I nodded. "Yep. Don't worry. We're cool. It's not like we close enough friends for last night to have meant anything anyway," I remarked. "What are you doing out of the library anyway. Waiting for someone?"

"Yes. You."

"Me?" I asked, taken a little aback. "Why are you waiting for me?"

"There's something I wanted to ask you about."

"Oh yeah?"

"Last night. Something was up when I got back to that room. You and Hermione suggested we leave awfully quickly. If you were trying to be coy, then you failed.

Something happened. I just want to know if it's something I should be concerned about."

"I didn't think you were so protective of me," I commented.

Terry scowled. "You know that's not what I meant. You know how fucked up the past couple of weeks have been for Hermione. And yesterday she watched you get in a fight with Harry again. I just want to make sure I'm not walking into a mine field in there." Terry motioned his head towards the library door.

"It's cool," I tried to assure him. "Nothing happened. Trust me."

"Why are you avoiding telling me then? Huh?" Terry shot back. A sly smile crossed his lips. He brought up his hand, poking me in the cheek. "And why are blushing a little?"

I swatted away his hand. "Fuck off."

Terry laughed a little. "Okay. I see what's going on." He opened the door to the library. "Don't worry Nott. I understand not wanting to kiss and tell more than anyone."

I nearly punched him, but he scurried into the library, skirting through the stacks more nimble than a man his size should be able to. I pulled off my sunglasses, slipping them into my leather jacket pocket.

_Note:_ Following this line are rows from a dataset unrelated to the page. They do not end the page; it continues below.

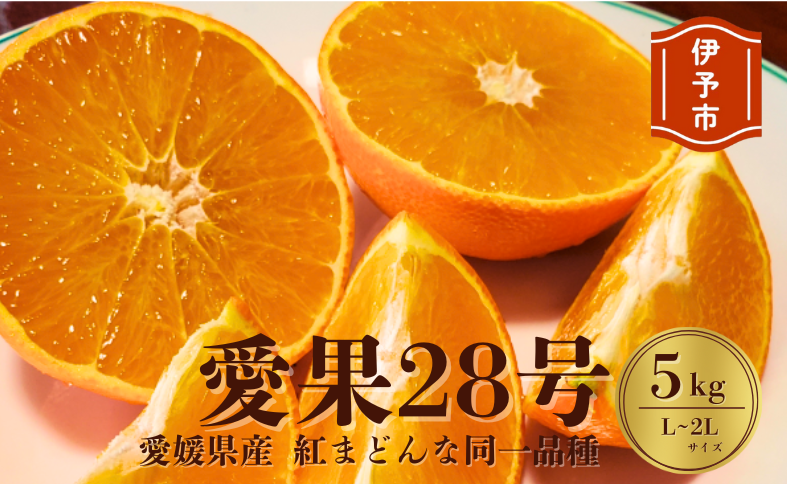【2026年先行予約】みかん 愛媛 愛果28号 5kg 紅まどんな同一品種 贈答用 L〜2L キャップ付き 人気 数量限定 先行予約 柑橘 伊予市 【2026年12月から順次発送予定】｜B84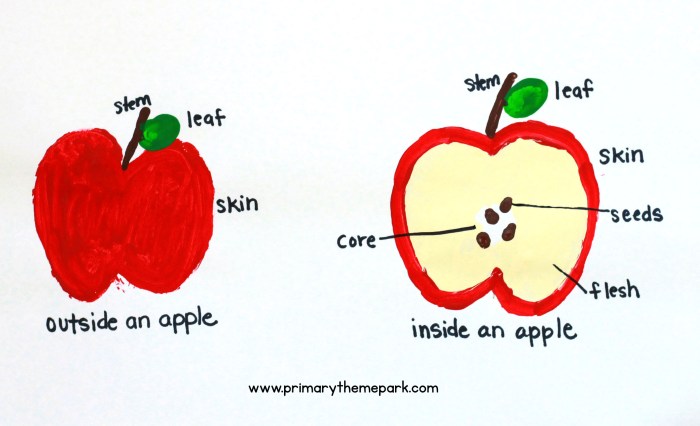 Label the parts of an apple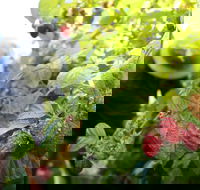 Springwood Farm Berries - Pubs Perth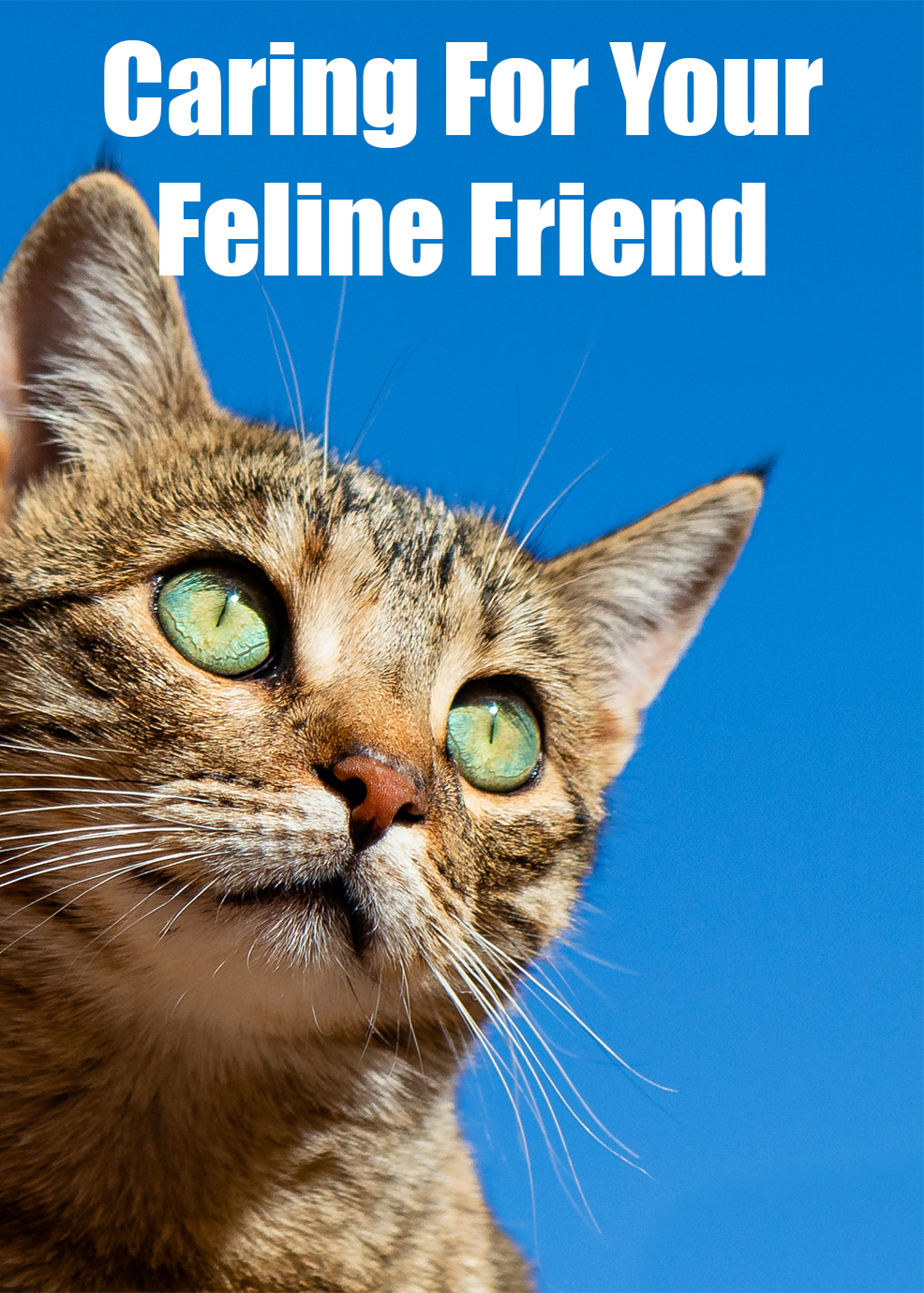 Caring For Your Feline Friend
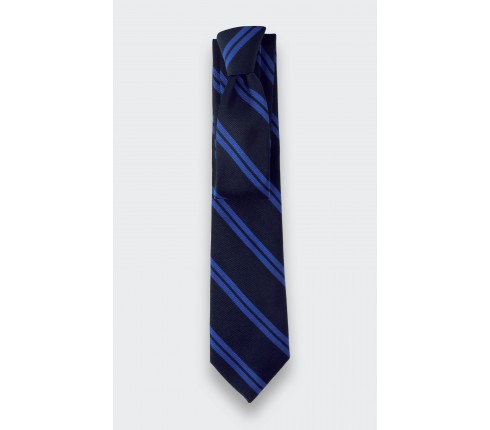 Navy blue and blue Club Tie - Cinabre Paris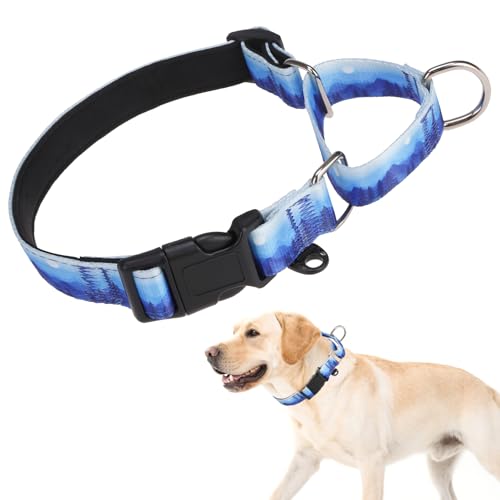 KOOLTAIL Martingale-Halsband für Hunde, kein Ziehen, langlebig, bequem, Neopren, gepolstert, Welpenhalsband zum Trainieren, verstellbar, robust, für kleine, mittelgroße und große Hunde, Blau, Größe M von KOOLTAIL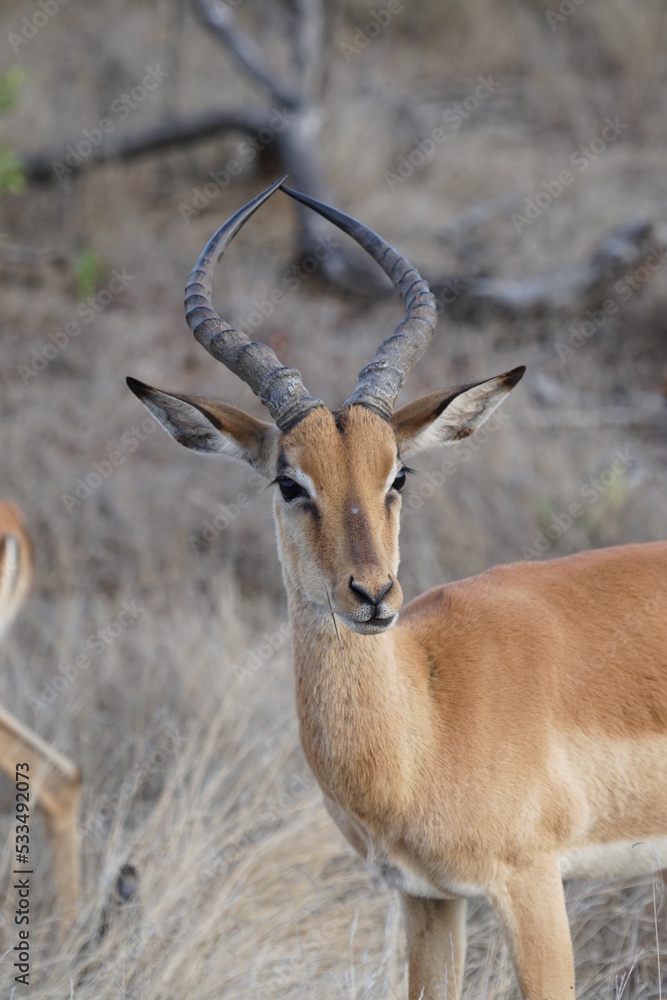 Male impala antelope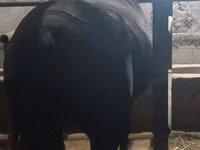 فرس, Budyonny horse — الصورة 5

I hesitated momentarily before stepping into the library. It felt as if I was about to pass a threshold. Or, rather, that I was returning back after passing through some long, arduous journey. It pained me to imagine that things might be different when I sit at the table. The study group may remain the study group, but what of the people? What of me? The night before sent my head through spirals. There was a sickening dizziness that built up inside me as I imagined the Slytherin party and the study group party crammed into the cloister. I was brought back to those days after the Halloween Ball, when everything was moving so quickly. Shifts in people's attitudes happened drastically at the drop of a pin. Hermione was hurt. It was my fault. At least, it felt that way. The fear felt palpable enough that I imagined that I could reach forward and touch it with my hand.

But instead, most unlike myself, I stepped forward anyway.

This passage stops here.